Morpheus Speaks: The Encyclopedia of Dream Interpreting

Over 5000 dream descriptors with everyday dream images and image interpretations of the Zodiac and Tarot that show up in dreams. The book also includes a section on nightmares and current research and treatment for excessive nightmare dreams.

Learn the possible meanings of snakes, witches, and death in your dreams, kittens, wise old men/women, or angels. What might it mean if you’re being chased or shot at, drowning or trying to find a bathroom, or just standing out in the open naked?

There’s also a section on how to remember your dreams.

See the ordering picture link on the right-side column.

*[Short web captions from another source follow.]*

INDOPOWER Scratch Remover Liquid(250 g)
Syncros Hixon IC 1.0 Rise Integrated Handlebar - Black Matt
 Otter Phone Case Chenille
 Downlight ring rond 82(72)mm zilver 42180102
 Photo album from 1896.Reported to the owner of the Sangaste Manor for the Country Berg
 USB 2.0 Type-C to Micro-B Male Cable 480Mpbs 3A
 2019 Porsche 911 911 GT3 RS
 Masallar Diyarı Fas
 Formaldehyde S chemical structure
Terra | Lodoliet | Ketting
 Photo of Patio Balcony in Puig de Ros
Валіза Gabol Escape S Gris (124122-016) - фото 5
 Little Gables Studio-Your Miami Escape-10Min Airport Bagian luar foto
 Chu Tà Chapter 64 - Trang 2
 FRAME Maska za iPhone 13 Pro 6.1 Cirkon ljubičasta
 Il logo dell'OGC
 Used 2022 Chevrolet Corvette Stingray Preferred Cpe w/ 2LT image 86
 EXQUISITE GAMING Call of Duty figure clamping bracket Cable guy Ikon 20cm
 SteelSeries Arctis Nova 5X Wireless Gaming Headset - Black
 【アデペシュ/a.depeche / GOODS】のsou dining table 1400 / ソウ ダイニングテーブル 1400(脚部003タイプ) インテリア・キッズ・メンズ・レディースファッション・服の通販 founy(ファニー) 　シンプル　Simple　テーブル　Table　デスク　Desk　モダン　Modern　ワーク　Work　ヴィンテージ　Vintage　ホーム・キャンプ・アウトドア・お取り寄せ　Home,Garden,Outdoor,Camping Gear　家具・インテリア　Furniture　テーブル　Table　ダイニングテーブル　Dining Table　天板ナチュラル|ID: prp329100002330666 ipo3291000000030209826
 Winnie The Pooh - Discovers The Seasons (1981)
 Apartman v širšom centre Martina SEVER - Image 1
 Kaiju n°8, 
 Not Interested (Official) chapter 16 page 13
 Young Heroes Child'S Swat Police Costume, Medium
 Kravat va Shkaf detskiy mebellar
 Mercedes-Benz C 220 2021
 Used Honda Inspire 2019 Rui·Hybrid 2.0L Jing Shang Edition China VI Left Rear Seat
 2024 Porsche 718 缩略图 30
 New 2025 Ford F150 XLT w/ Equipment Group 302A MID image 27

Animals in Dreams: The dark and light sides of the Wolf

          The Wolf Moon

At 10:54 PST on the 25th of January the full moon, known as the Wolf Moon by the ancients because the wolves would howl at it during this time, filled our skies with its eerie glow.

Animals in dreams generally speak to ones drives and feelings about events and people when the usual social controls are lifted. Frequently they reflect one’s attitudes about them i.e., whether one loves or fears them. Animals can also reflect our soul and its condition.

The wolf has been a mysterious and savage beast of the forest showing up in fairy tales, cult mythology, and dark legends. Men have been turned into werewolves transformed with every full moon. Legends go all the way back to the story of Gilgamesh in 1800 BCE where a woman turns her cheating lover into a werewolf.

Werewolves can also suggest the need for or announce the oncoming of a transformation in one’s life or that one’s personality is cycling between affable and prickly.

In Greek mythology the Wolf-God was Apollo and to the Romans the wolf was sacred to Mars, the god of war. It was during these ancient times that gods and monsters roamed the earth. One of the most fearsome of the wolf monster tales was the Norse myth of Fenrir who was so powerful that he threatened all the earth and had to be bound up by the gods.

As a power symbol they can reflect one’s own power and the need to use it or use it less.

Wolves also show up in our dreams and not just as nightmares, though they can speak to our darker natures. The wolf can represent our wildness and represent freedom and independence. They can represent loyalty and be guardians and even spirit animals i.e., a messenger, guide, or teacher that comes to us in times of need. To the Native American Zuni of the Southwest the wolf is a pathfinder and trailblazer. 

The image of a wolf in a dream can also suggest the need to work together as a team. As a teacher animal in a dream look to see what it is doing. Is there a lesson to be learned or some lesson that needs to be taught? As teachers they can open one to their inner nature and intuitive sense. They can be messengers of one’s need to pay attention to this intuitive sense and be more conscious of one’s environment and what’s going on around them. 

Though wolves are pack animals and thus represent family they can also be loners as in a “lone wolf” or reflect the need to be more social or inclusive of others.

When interpreting, consider phrases like “The wolf at your door” (financial issues); Cry wolf (A false alarm, making up stories for attention); keep the wolves at bay (Fight against trouble or someone attacking you); Wolf whistle (rude and unwanted attention); Big bad wolf (evil/trying to eat the good or create havoc).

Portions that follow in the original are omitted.